Domino 5.5.0 (March 2023)

See also the fleetcommand-agent Release Notes.

Validated Frameworks

Kubernetes - see the Kubernetes compatibility chart

New Features

Domino Nexus
Experiment management
Domino Code Assist
Asynchronous Model APIs
New Palantir Foundry data connector

Domino Nexus

Domino Nexus is a single pane of glass that lets you run data science and machine learning workloads across any compute cluster — in any cloud, region, or on-premises. It unifies data science silos across the enterprise, so you have one place to build, deploy, and monitor models.

See these topics for complete details:

Some Domino features work differently in the Nexus hybrid architecture than they do in other types of deployments:

Domino Nexus introduces the concept of data locality.

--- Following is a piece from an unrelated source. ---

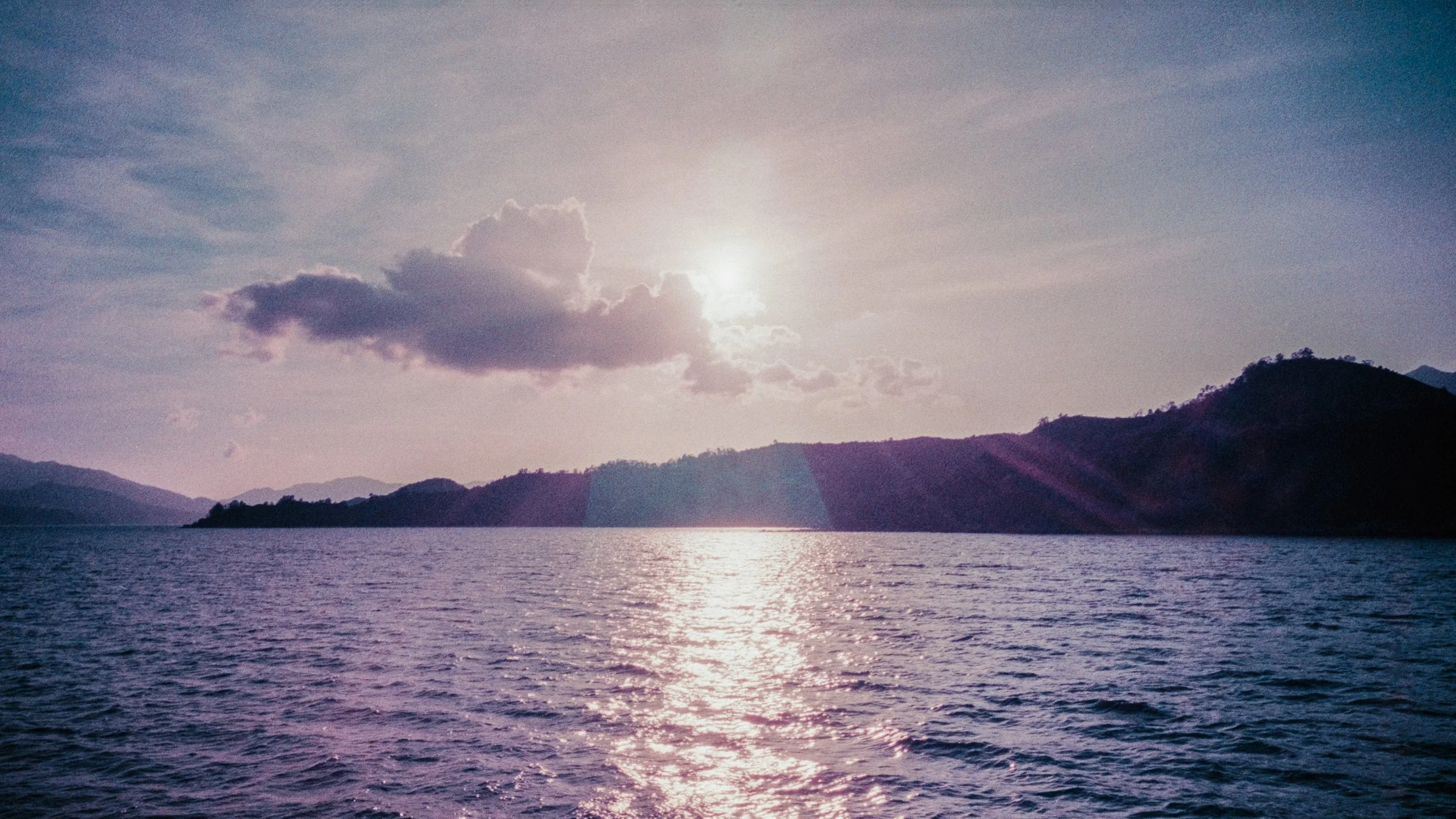 4KWEB-Ultra Violet-032.jpg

Data may only be available in certain data planes due to geographic access restrictions or simply the cost of moving data between data centers. Domino automatically mounts all available data for a given data plane.
These features are only available in the Local data plane (hosted in the control plane):
- Model APIs
- Apps
- Datasets
- Trino data sources
- Other types of data sources can be accessed on both the Local and remote data planes, but functionality on remote data planes is in Preview. Functionality for restricting data sources to specific data planes is under development. External Data Volumes (EDVs) are the primary method for accessing large data sets, and have a first-class notion of data locality; see Associate Data Planes with EDVs.
When you launch an execution, hardware tiers are grouped by data plane. Select a tier in the data plane in which the execution should run. The Local data plane corresponds to running the execution in the Domino control plane cluster.
For compute clusters that include a user interface, the UI link is available only if the data plane is configured for workspaces. See Enable A Data Plane For Workspaces. If the data plane is not configured for workspaces, clusters can still be used with jobs, but the user interface link is disabled.

Experiment management

Domino experiment management leverages MLflow Tracking to enable easy logging of experiment parameters, metrics, and artifacts, while providing a Domino-native user experience to help you analyze your results. MLflow runs as a service in your Domino cluster, fully integrated within your workspace and jobs, and honoring role-based access control. Existing MLflow experiments works right out of the box with no code changes required.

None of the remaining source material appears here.